Against the backdrop of continuing strong demand, Ambuja has endeavoured to maintain  its market position despite significant internal  constraints  in terms of clinker availability, by purchasing clinker from third parties  as well as maximising the blending ratio without compromising product quality.

 

HIGHLIGHTS OF 2009:

·         Cement  production  and  sales  volumes  increased  by  6%   and   6.5% respectively, to reach 18.83 million tonnes and 18.79 million tonnes.

·         Average sales realisation increased by 7%, to Rs. 3,760 per tonne.

·         Net sales were 14% higher, at Rs.70770 millions

·         EBITDA was 8% higher, at Rs.19720 millions

·         Consolidated  net profit excluding exceptional items increased  12%,  to Rs.12170 millions

·         The  clinkerisation  expansion  projects at  Bhatapara  and  Rauri  were commissioned  in  December  2009  and  January  2010  respectively.   While Bhatapara  plant has come closer to the stabilisation by the date  of  this report, the Rauri plant is busy attaining stabilisation.

 

FINANCIAL RESULTS 2009:

As  a  result of the consistently strong growth in demand for  cement,  the Company's operating results improved as compared to 2008, despite the  fact that availability of clinker was a major limiting factor during the year.

 

MARKET DEVELOPMENTS:

Despite  the  significant capacity additions in the industry,  the  Company kept  pace with the double digit demand growth, and maintained  its  strong position of approximately 18% market share in its main markets, and  around 10% on an all India basis. Sales volumes increased by 6.5%, to 18.8 million tonnes in 2009 as against 17.6 million tonnes in 2008.

 

The  Company  has built a large network of over 6,000  dealers  and  20,000 retailers  across 18 states in India. Its reach and penetration  helps  the Company  to manage the last mile delivery across their relevant markets,  and gives them a strong positioning in the booming rural markets.

 

Along  with  strong  brand equity, Ambuja has evolved  a  unique  model  of channel management, based on values of trust and relationships. The  strong bond  between  the  dealer network and the Company  has  helped  Ambuja  to withstand  severe  competition for more than two decades.  With  the  added support  of Holcim's rich experience of operating in 70  countries,  Ambuja has now added sophisticated IT tools and global channelmanagement tools to its traditional Indian model, thus adding to their capabilities to face stiff competition endemic to large capacity additions.

 

Holcim's  global  experience  has also helped Ambuja  in  fine  tuning  its product  quality  management,  by introducing  best  practices  from  other countries.  It has helped in enhancing the overall marketing  mix,  clearly

targeted  at  the retail market in semi urban and rural  sectors,  and  the large buyers in the metros and mega cities.

 

Their network  of port, bulk terminals, and bulk cement ships, on  the  west coast  has  supported a sustainable strong market position  in  Mumbai  and Surat.  In  2009,  another bulk terminal in Kochi has  been  added  to  the network to establish a footprint in Kerala.

 

PRODUCTION and COST DEVELOPMENTS:

 

Volumes:

Total cement production increased by 6% compared to 2008, from 17.8 to 18.8 million  tonnes,  despite the fact that clinker production  was  marginally lower  at 11.4 million tonnes (11.5 million tonnes in 2008).
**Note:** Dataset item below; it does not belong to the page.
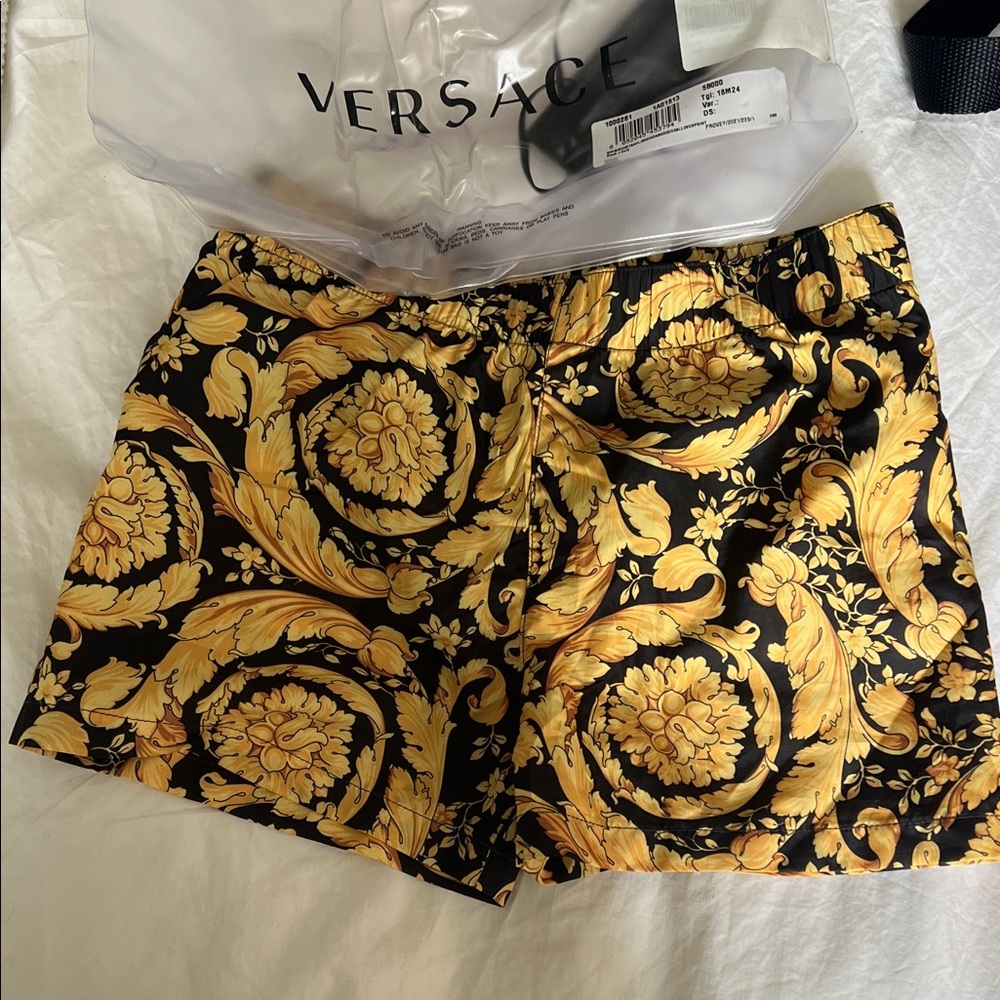 Versace Black and Gold Baroque Swim Shorts 18/24months or up to 3T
This could  be achieved  only by purchasing significant quantities of clinker  from  third parties,  and in total 1.7 million tonnes were purchased, compared  to  0.7 million tonnes in 2008. Plants were running flat out for most of the  year, trying  to  keep  up with the demand, and  utilisation  levels  on  average remained above 85% during the year.

 

Major Costs:

Although  EBITDA  increased in absolute terms in 2009,  the  EBITDA  margin reduced  slightly, from 29.3% to 27.9%. Two main factors had a  significant impact on production costs in 2009:

 

Clinker purchases were 1 million tonnes higher than the previous year, as a result of building market positions in the East and North in  preparation for  the  new capacities, as well as to sustain production at  the  Maratha unit  during  major maintenance work on the kiln. For the year as  a  whole this  had  a negative impact on EBITDA margin of  approximately  400  basis points.

 

The year began with a large inventory of imported coal, which  had  been procured  in  2008 at what turned out to be peak prices of  more  than  Rs. 9,000  per tonne (landed cost), and this had a significant negative  impact on  the EBITDA margin during the first half of 2009, as  those  inventories were consumed.

 

Otherwise, global commodity prices, including oil and coal, were relatively stable  during 2009 compared to the previous year, therefore once the  coal inventory overhang was absorbed, the Company's variable input costs reduced significantly in the second half, compared to the first half year. However, the  quality of domestic coal continued to be a challenge and  the  average fuel  consumption  rate  increased  from 744 kcal to 755  kcal  per  kg  of clinker.  Many  initiatives  are  underway at  all  the  plants,  aimed  at sustainable reducing thermal energy consumption rates.

 

Efforts  to  optimise the fuel mix, and reduce the dependence on  coal  for both  kilns and captive power plants, have been intensified, and  usage  of alternatives  such  as  petcoke, lignite,  biomass,  and  co-processing  of industrial  waste  materials,  increased during  2009.  Financial  benefits currently remain modest, however, the development of the Alternative  Fuels and Raw Materials (AFR) business represents an important investment for the future.

 

Power  consumption in 2009 has by and large remained at the same  level  as that of 2008.

 

Total  freight and forwarding costs increased by 8% in absolute terms,  and freight on cement increased by 6% per tonne sold, mainly as a result of the continued  shift  from exports to domestic sales, and longer  average  lead distances. The costs of diesel and packing materials remained stable during the year and only slightly increased compared to 2008.

 

EXPANSION PROJECTS:

During  2009  a  new  bulk cement  terminal  started  operation  at  Kochi, providing  access  to new markets in the South, and two new  captive  power units,   each  with  15  MW  capacity,  were  commissioned   at   Bhatapara (Chhattisgarh) and Maratha (Maharashtra).

 

Significant  progress has been made during 2009 on the two major  expansion projects  which  will  enable the Company to  secure  its  market  position through the next business cycle.

 

Production  trials  at the 2.2 million tonnes clinker  production  line  at Bhatapara  (Chhattisgarh)  began  in mid December 2009, and  the  plant  is expected  to  be fully stabilised during the first quarter of  2010,  along with  a 33 MW captive power unit. The new clinker production line at  Rauri (HP),  also  with  2.2 million tonnes capacity,  has  commenced  production trials  during January 2010 and is expected to get fully stabilised  during the  first  quarter of 2010. The associated cement grinding  facilities  at Dadri  (UP) and Nalagarh (HP), each with 1.5 million tonnes capacity,  will also be commissioned during this quarter.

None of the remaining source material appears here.